Jumat, 29 Juni 2012

Negara boleh Hukum, tapi dimana Keadilan?


Indonesia adalah negara hukum! Begitu bunyi yang tertuang di dalam pasal 1 ayat (2) UUD 1945. Kendati pasal tersebut baru secara eksplisit hadir dalam batang tubuh UUD 1945 setelah reformasi (perubahan ketiga UUD 1945 tahun 2001), namun sesungguhnya cita-cita negara hukum sudah diamanatkan oleh UUD sebelum perubahan.
Dalam penjelasan umum UUD 1945, dikatakan bahwa Indonesia adalah negara yang berdasar atas hukum (rechtstaat), bukan kekuasaan belaka (machstaat). Artinya, sejak awal pembentukan negara ini, para founding fathers sudah sepakat untuk menjadikan hukum sebagai acuan dalam berbangsa dan bernegara.
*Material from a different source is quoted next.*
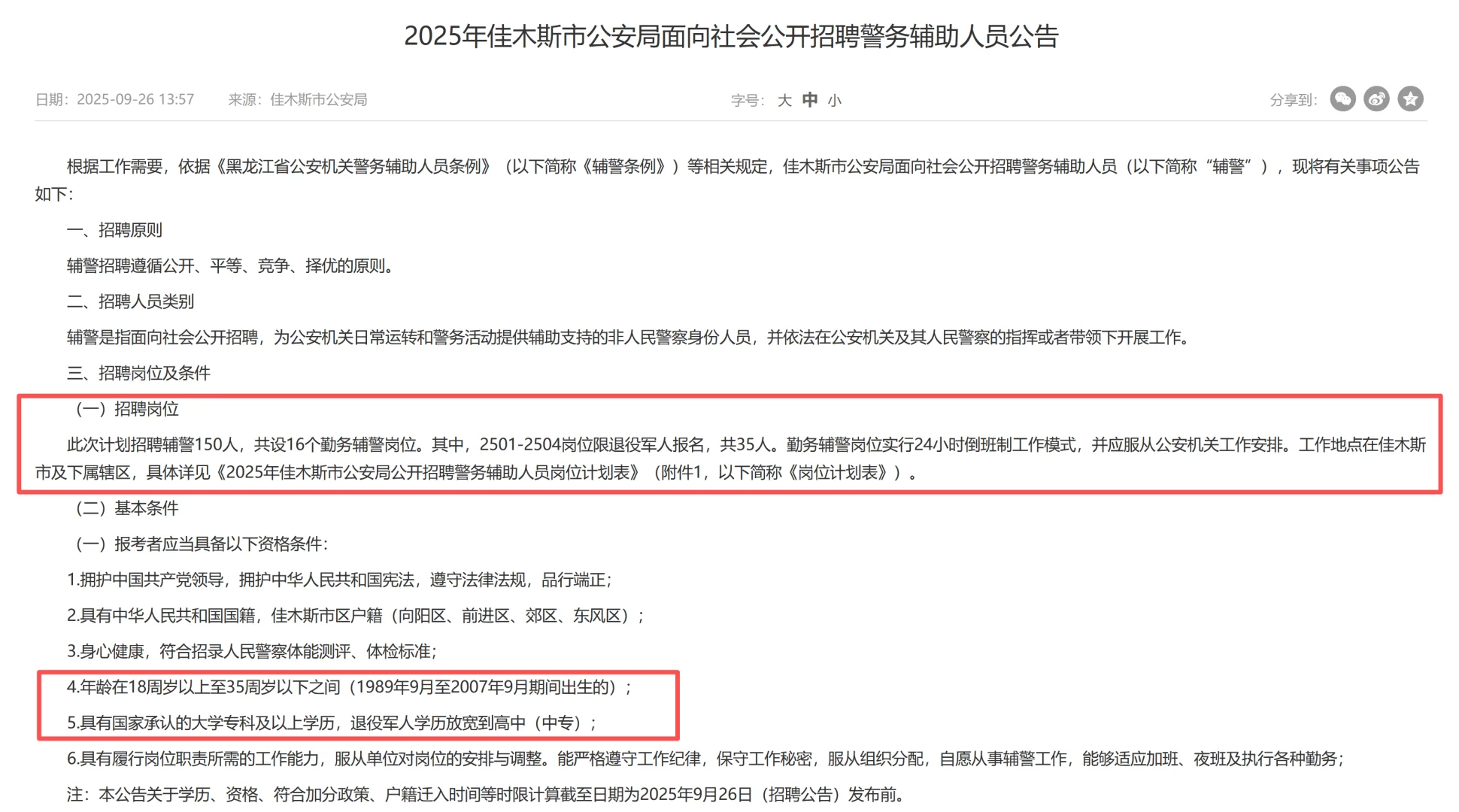 佳木斯市招勤务辅警150人！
Persoalannya kemudian, ketika mengaku sebagai negara hukum, sudahkah negara ini memenuhi syarat yang harus dipenuhi sebagai negara hukum? Dengan merampungkan berbagai teori mengenai negara hukum, maka setidaknya ada tiga hal yang harus dipenuhi ketika suatu negara mengaku sebagai negara hokum.
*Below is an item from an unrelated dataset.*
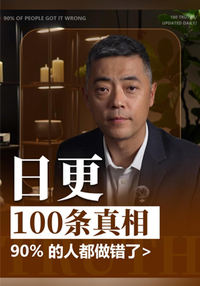 日更 100 条真相，90% 的人都做错了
Pertama, pengakuan dan perlindungan hak-hak asasi yang mengandung persamaan dalam bidang politik, hukum, sosial, ekonomi dan kebudayaan. Kedua, peradilan yang bebas dari suatu pengaruh kekuasaan atau kekuatan lain dan tidak memihak. Ketiga, adanya jaminan kepastian hukum, yaitu jaminan bahwa ketentuan hukumnya dapat dipahami dapat dilaksanakan dan aman dalam melaksanakannya.
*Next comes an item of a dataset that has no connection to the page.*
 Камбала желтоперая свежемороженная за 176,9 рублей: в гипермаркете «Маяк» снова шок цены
Kalau mau jujur, pemenuhan tiga aspek penting negara hukum tersebut belum sesuai harapan di Indonesia. Pertama, pengakuan hak asasi menjadi problem mendasar bangsa ini. Misalnya saja, pemenuhan hak hidup layak, kebebasan beragama dan berkeyakinan, serta kesetaraan di dalam hukum telah menjadi barang mahal yang seakan mustahil dibayar negara ini kepada warganya.

Belum lagi penyakit lupa penguasa dengan beberapa pelanggaran HAM berat di masa lalu.
Kedua, pengadilan di Indonesia telah jauh melenceng dari misinya sebagai tempat mencari keadilan. Pengadilan justru berubah menjadi ajang adu kekuatan, tempat mencari pemenang dan yang kalah. Pengadilan juga menjadi begitu sulit menggeliat akibat timbunan lemak kepentingan dan intimidasi pengaruh politik uang dan kekuasaan.

Begitu juga dengan aspek ketiga, jaminan kepastian hukum. Meminjam istilah Mahfud MD, bahwa hukum (undang-undang) adalah produk politik. Memang dalam tiga pilar kekuasaan trias politica, anggapan itu menjadi sesuatu yang tidak terhindarkan. Apalagi bila negara telah berumah dalam ranah demokrasi. Tanpa sadar, ternyata negara menjelma partiokrasi, dimana setiap peraturan dan kebijakan banyak disetir partai politik.

Salahkah partai politik? Jawabannya tentu, tidak. Yang bermasalah adalah ketika partai politik diisi oleh orang-orang yang tidak mampu menjadi negarawan ketika kekuasaan yang dimilikinya sangat dibutuhkan untuk menyejahterakan publik. Termasuk dalam pembentukan regulasi, seperti undang-undang.